Second, and more important, the events that opened “Sabotage” directly mirrored the Battle of Coruscant sequence in Revenge of the Sith. But whereas Anakin found himself in the position of helping save Obi-Wan from the swarm of buzz droids that had overrun his fighter, here it was Anakin who needed to be saved by his Padawan. When the buzz droids that had flocked en masse to the underside of his fighter caused some kind of exhaust leak that rendered Anakin unconscious, Ahsoka made a mid-air jump from her fighter to his to help steer him to safety. (If only she had let him crash, the galaxy may have been spared so much!) It’s the kind of heroics we’ve seen from Anakin himself so many times, and it proves, once again, that Ahsoka is truly her master’s Padawan.
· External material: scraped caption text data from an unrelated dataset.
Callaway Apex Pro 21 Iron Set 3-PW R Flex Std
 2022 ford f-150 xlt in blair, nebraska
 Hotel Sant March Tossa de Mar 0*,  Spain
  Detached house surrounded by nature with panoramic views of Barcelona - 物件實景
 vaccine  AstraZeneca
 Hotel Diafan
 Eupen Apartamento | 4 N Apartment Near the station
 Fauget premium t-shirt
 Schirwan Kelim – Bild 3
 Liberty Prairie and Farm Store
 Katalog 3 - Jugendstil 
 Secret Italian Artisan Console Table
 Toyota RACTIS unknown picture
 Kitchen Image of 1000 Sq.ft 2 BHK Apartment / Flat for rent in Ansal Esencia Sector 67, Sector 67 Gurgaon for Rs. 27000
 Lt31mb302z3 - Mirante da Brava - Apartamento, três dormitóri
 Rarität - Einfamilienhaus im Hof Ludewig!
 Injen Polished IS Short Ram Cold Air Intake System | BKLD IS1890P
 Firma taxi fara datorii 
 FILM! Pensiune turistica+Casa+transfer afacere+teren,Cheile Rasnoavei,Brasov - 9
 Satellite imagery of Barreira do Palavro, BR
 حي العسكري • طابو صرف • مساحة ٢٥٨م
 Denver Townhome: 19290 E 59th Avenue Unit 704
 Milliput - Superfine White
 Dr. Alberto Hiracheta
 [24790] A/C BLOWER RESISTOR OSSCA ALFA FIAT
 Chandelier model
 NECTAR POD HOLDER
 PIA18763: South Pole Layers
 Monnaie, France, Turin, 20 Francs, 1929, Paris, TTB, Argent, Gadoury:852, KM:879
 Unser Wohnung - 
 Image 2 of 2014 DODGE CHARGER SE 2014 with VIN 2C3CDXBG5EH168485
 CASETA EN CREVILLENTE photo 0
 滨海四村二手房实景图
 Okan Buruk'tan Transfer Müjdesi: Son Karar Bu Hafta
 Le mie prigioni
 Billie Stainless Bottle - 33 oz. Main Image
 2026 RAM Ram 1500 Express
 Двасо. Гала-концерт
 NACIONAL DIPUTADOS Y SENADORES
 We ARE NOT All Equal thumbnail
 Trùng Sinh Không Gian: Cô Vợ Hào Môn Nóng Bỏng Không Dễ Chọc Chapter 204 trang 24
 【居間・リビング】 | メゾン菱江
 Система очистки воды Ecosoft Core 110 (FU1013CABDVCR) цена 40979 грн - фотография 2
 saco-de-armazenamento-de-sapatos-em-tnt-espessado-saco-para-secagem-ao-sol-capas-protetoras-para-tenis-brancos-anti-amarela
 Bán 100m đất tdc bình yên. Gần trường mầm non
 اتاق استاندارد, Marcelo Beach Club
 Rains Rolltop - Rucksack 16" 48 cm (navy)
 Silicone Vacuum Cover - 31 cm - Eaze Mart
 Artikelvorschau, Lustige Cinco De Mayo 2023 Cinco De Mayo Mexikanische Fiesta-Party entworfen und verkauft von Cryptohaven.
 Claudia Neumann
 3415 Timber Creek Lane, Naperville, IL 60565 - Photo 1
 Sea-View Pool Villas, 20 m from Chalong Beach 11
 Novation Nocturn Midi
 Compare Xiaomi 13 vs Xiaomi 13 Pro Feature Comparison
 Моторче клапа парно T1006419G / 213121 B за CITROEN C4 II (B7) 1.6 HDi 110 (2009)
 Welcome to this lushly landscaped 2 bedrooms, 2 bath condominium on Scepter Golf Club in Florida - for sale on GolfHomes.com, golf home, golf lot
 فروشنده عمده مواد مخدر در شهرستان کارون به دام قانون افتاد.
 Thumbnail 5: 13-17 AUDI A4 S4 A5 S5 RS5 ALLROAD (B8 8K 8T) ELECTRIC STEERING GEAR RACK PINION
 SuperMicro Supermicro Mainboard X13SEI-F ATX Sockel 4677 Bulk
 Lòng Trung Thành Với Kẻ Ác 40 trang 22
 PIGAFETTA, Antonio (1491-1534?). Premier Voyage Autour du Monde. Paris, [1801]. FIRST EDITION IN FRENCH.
Like the opening of Revenge of the Sith, this sequence showed a master and apprentice bonded together by war, seemingly inseparable. And yet by the end of the film, Anakin will have gone from trying to save his master to trying to kill him on a lava planet. Could a similar trajectory await Ahsoka and Anakin’s relationship? That seems like a big leap, but it would be fitting with the moral of this episode: “Sometimes even the smallest doubt can shake the greatest belief.” We shall see…
NEXT: Could a rogue Jedi be capable of bombing the Temple? There is precedent…
No sooner had Ahsoka revived Anakin Master Yoda sent them a message: the Jedi Temple had been bombed. And since the bombing had occurred from within the highly-secure Temple, there is a chance a Jedi could have been responsible for it. Only Jedi who weren’t there when it happened could truly be trusted to investigate the matter. And of course, out of all the Jedi spread out on all of that Galaxy Far, Far Away’s battlefields, Yoda wanted Anakin and Ahsoka to lead the investigation.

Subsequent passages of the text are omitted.